### Work to be completed
Produce a verbatim copy of the following records, leaving out all pictures.

### Records for the exercise

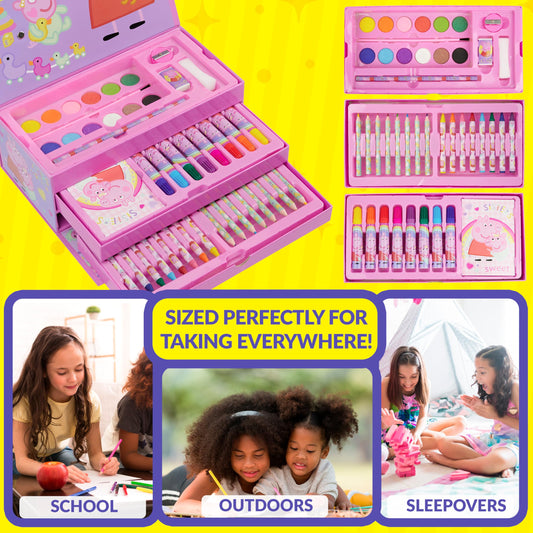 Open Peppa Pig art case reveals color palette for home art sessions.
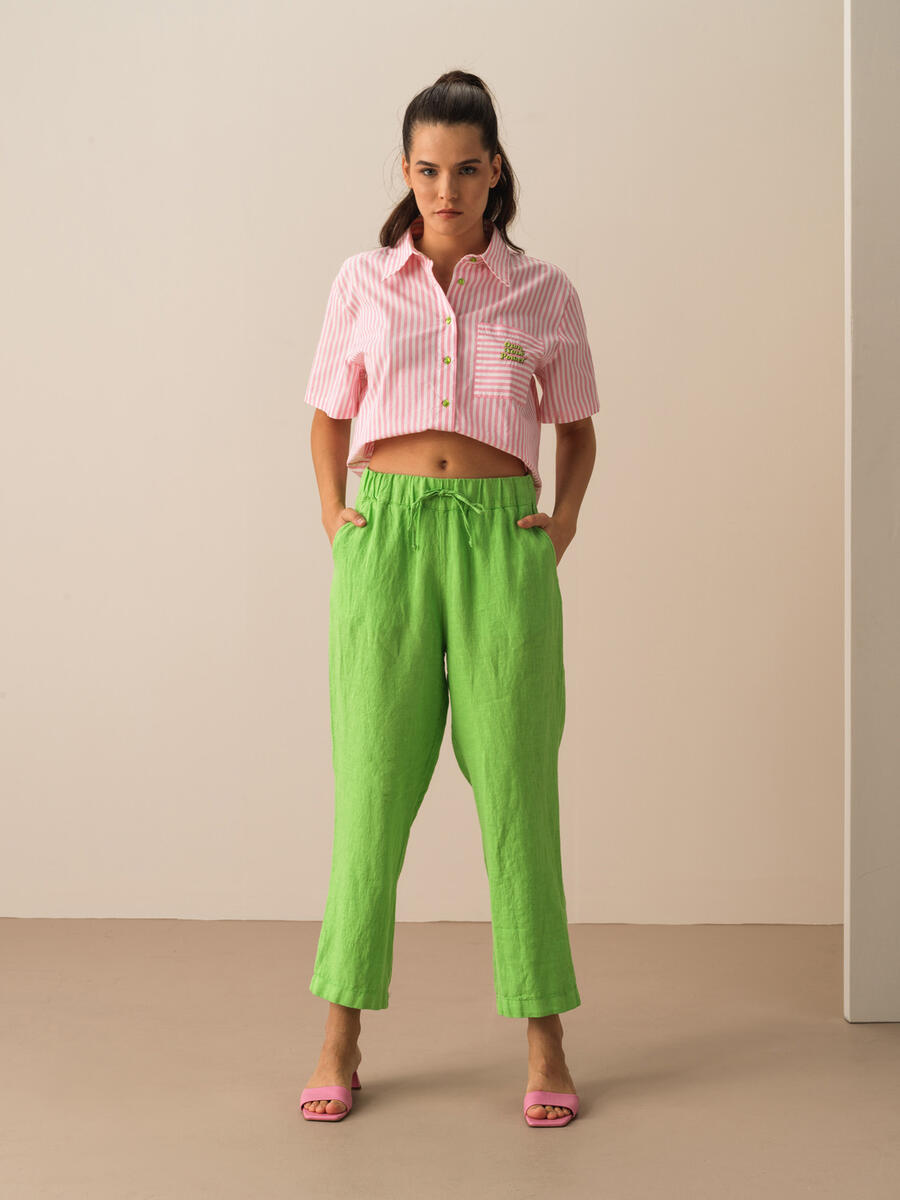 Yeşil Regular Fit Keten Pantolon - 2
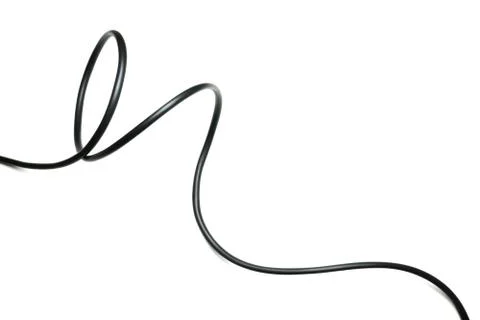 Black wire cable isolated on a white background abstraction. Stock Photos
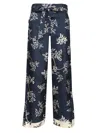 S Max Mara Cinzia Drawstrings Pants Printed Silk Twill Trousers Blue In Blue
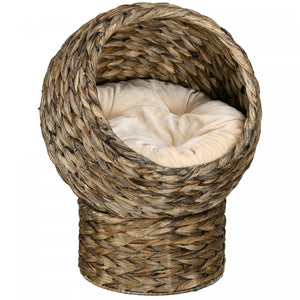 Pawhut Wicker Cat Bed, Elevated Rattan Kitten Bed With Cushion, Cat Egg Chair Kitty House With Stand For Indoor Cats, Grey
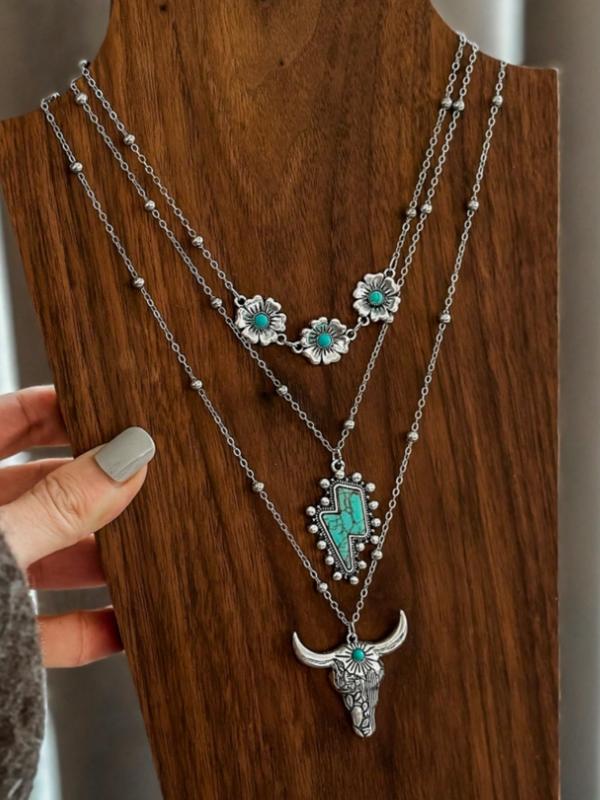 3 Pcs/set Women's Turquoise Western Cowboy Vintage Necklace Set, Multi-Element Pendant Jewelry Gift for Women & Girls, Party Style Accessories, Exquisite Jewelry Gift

### Output for this task
 Open Peppa Pig art case reveals color palette for home art sessions.
 Yeşil Regular Fit Keten Pantolon - 2
 Black wire cable isolated on a white background abstraction. Stock Photos
 S Max Mara Cinzia Drawstrings Pants Printed Silk Twill Trousers Blue In Blue
 Pawhut Wicker Cat Bed, Elevated Rattan Kitten Bed With Cushion, Cat Egg Chair Kitty House With Stand For Indoor Cats, Grey
 3 Pcs/set Women's Turquoise Western Cowboy Vintage Necklace Set, Multi-Element Pendant Jewelry Gift for Women & Girls, Party Style Accessories, Exquisite Jewelry Gift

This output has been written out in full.